RU Doing Enough to Save the Planet?

Abigail Bovard
Staff Reporter

Earth Day is the one day out of the year that is dedicated to the Earth and it is recognized for its natural beauty. While, there is a large worldwide movement to save the planet, there are some people out there who completely deny global warming and even some people who remain apathetic to the Earth’s needs despite knowing the consequences of human’s actions on the Earth. The Earth needs to be cared for each and every day in order to keep it inhabitable for generations to come. In the IPCC Global Warming Special Report of 2018, it was discovered that the Earth is on track for a three degrees Celsius, or 34.7 degrees Fahrenheit, rise in temperature, which can then lead to devastating effects on the environment.

One part of Roosevelt University’s mission is helping to create a greener Earth by focusing on the environment, equality and equity. Roosevelt even has a plan set in place that includes building two green buildings that are both LEED (Leadership in Energy and Environmental Design) certified, which means a building was built sustainably, and converting ten acres of turf on the Schaumburg campus into its native prairie and wetland.

As a part of Roosevelt’s mission they also held their own “Earth Week” in collaboration with the multiple groups focused on sustainability, including RUGreen. Each day was a different activity that provided information on how to help the planet. Monday, April 22 started with a compost day and Thursday saw a trip to the farmers market.

Vice President of RUGreen, freshman Sophia Gallo, helped lead a group to McKinley Park on Tuesday April 23 where they picked up litter and even planted new plants. “So we went around and picked up trash around the park and threw ‘seed bombs’ that we made at one of our previous meetings.” Gallo went on to explain what seed bombs are, “the seed bombs are like balls of soil, clay and seeds and we put like milkweed seeds that are good for pollinators like the monarchs,” Gallo said.

Although Roosevelt has a lot of sustainable practices set in place, there is a large gap between each practice and student participation. Gallo said she thinks students here at Roosevelt are not taking enough action to save the planet, saying that students seem to ignore signs in place to aid them in being green.

“I guess I can only speak for what I see directly but I feel like if you’re not making that effort with small sort of day to day stuff that can be easy to fix then maybe people aren’t doing any or many other kinds of helpful action,” Gallo said.

President of RUGreen, junior Samantha Schultz, believes that there is no such thing as enough when it comes to saving the planet, but she does believe that students can start with small changes that will lead to a more sustainable life.

“Just by switching to a reusable water bottle or bringing your own bag to the grocery store is enough to make an impact and influence others to do so as well,” Schultz said. “Roosevelt students, in particular, are doing their part, simply by just becoming educated on the matter of sustainability and what the issues our planet is facing.”

There are many different ways for students to get involved in sustainability here at Roosevelt, from taking classes on sustainability to even joining RU Green. But, Gallo said she feels that in order for students to actually get involved they need to be educated on these topics.
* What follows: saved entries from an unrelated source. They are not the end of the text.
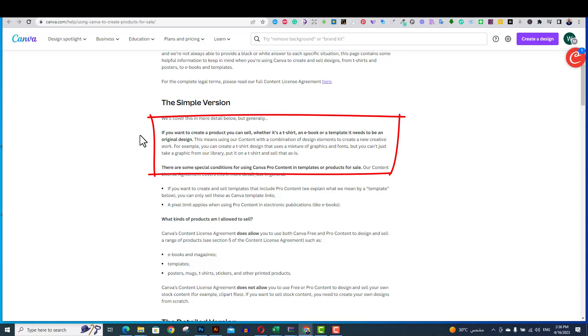If you want to create a product, you can sell whether it's a t-shirt, an e-book, or a template. It needs to be an original design. This means that using Canvas content with a combination of design elements to create a new creative work. This is allowed.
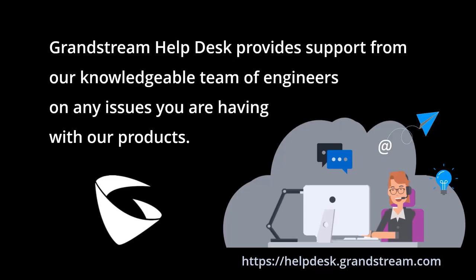Our engineers at Grandstream Helpdesk can assist with any issues that you might run into while using Grandstream solutions. You can submit a ticket by going to helpdesk.grandstream.com.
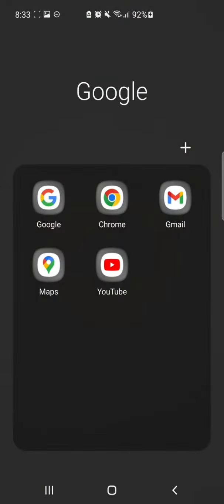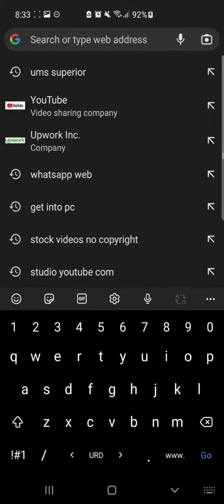Hello everyone, in this video I will show you how to play YouTube in the background without using any third-party app. For this, open Chrome browser and on the search bar type youtube.com.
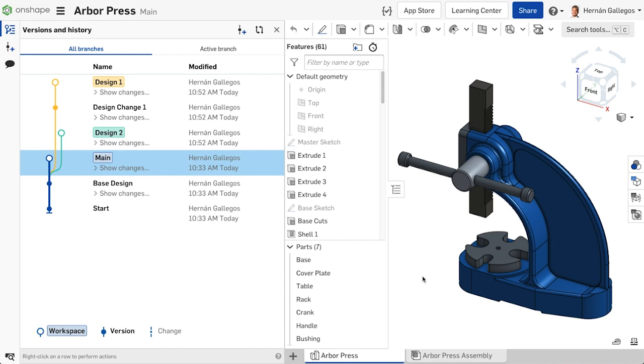A single document in Onshape can have as many independent branches within it as you would like. Each one of these branches acts as a sandbox or separate work environment where your design can be changed and other branches are not impacted.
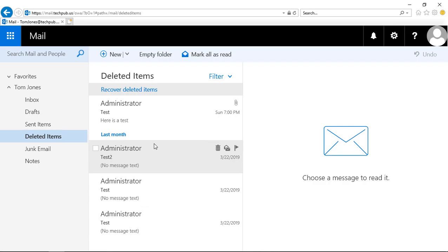We're in Outlook Web App 2019 using Exchange Server 2019. I'm going to show you how to recover a deleted item. This also works with previous versions of Outlook Web App and Office 365.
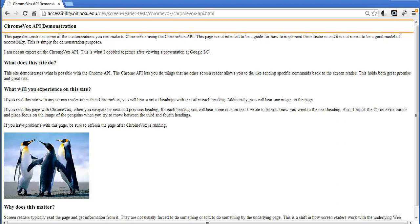What I'm going to do is change the default behavior for how ChromeVox handles headings. So now when you're browsing headings by going to the next or previous heading, instead of ChromeVox announcing the heading text and that you're on a heading level one, it's going to read some custom text that I've provided for it.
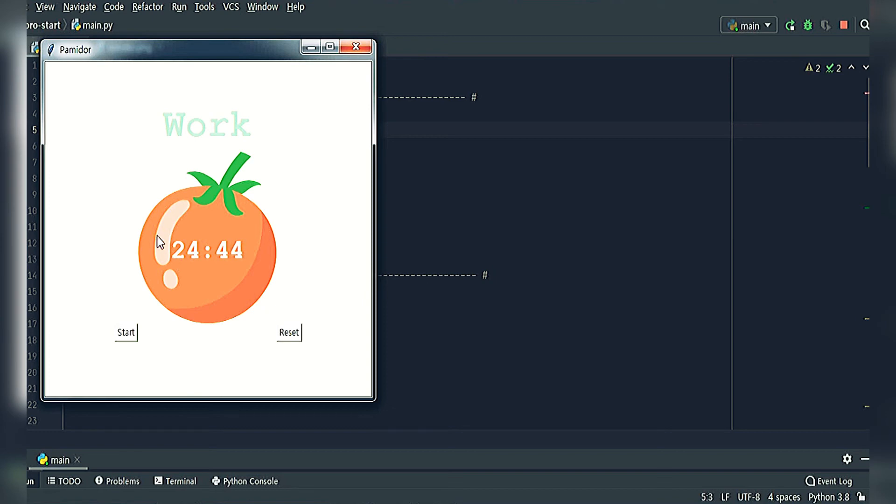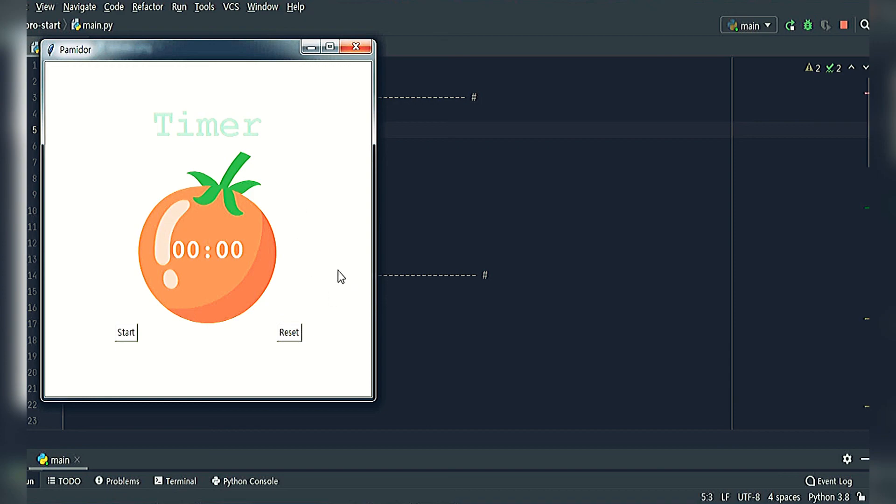We can reset it and stop. Thank you for your time and attention.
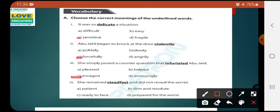Number 4: she remained steadfast and did not reveal the secrets. The underlined word is 'steadfast' — meaning firm, faithful. Option A: patient (tolerate), option B: firm and resolute.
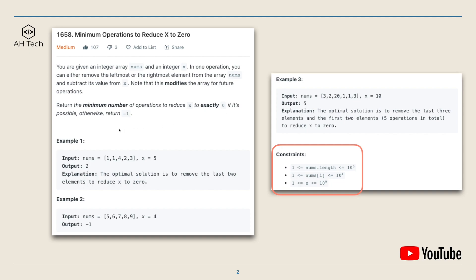If it is not possible, we return negative one. In example one, the optimal solution is to remove the rightmost elements twice to reduce x to zero. In example two, it's not possible. In example three, we can remove the first two elements and the last three elements — five operations in total — and their sum will be 10, so we can reduce x to zero.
“I think another important factor is getting people educated about issues that we’re having because it might be hard to care if you don’t fully understand how urgent some of these issues are, especially climate change,” Gallo said.

Schultz also said that students should become more educated on topics such as sustainability in order to become more involved. “Being said, I think in order to further our involvement and create an even bigger chain reaction to helping the planet, students can take sustainability classes here at Roosevelt to become more educated, they can reach out to RUGreen and come to our meetings, they can even just simply read the signs above the compost, recycling, and trash bins to become more involved,” said Schultz.

Professor & Director of Sustainability Studies, Dr. Michael Bryson said that education is important when trying to get students to start making small changes within their lives to help the environment. Bryson said, “One reason might be lack of information/knowledge about why such actions like recycling and composting matter,” by learning about recycling and composting students would recognize the detrimental effects that landfills put on the environment. Bryson said, “Another might be the assumption that individual actions don’t really matter, because they’re small.” Bryson believes that these can both be addressed by basic environmental literacy and encouragement from others.

Gallo said that Roosevelt has put in the effort to remain sustainable, however, Gallo also feels that Roosevelt does not broadcast their efforts enough. “As far as their outreach goes though I’d say that more could be done to get students engaged or at the very least informed.”

Gallo added that many students do not seem to be informed on the fact that there are compost for students to use. “For example, even though we just put in school wide composting there was never an announcement made to students and staff to let people know, or help people use it.”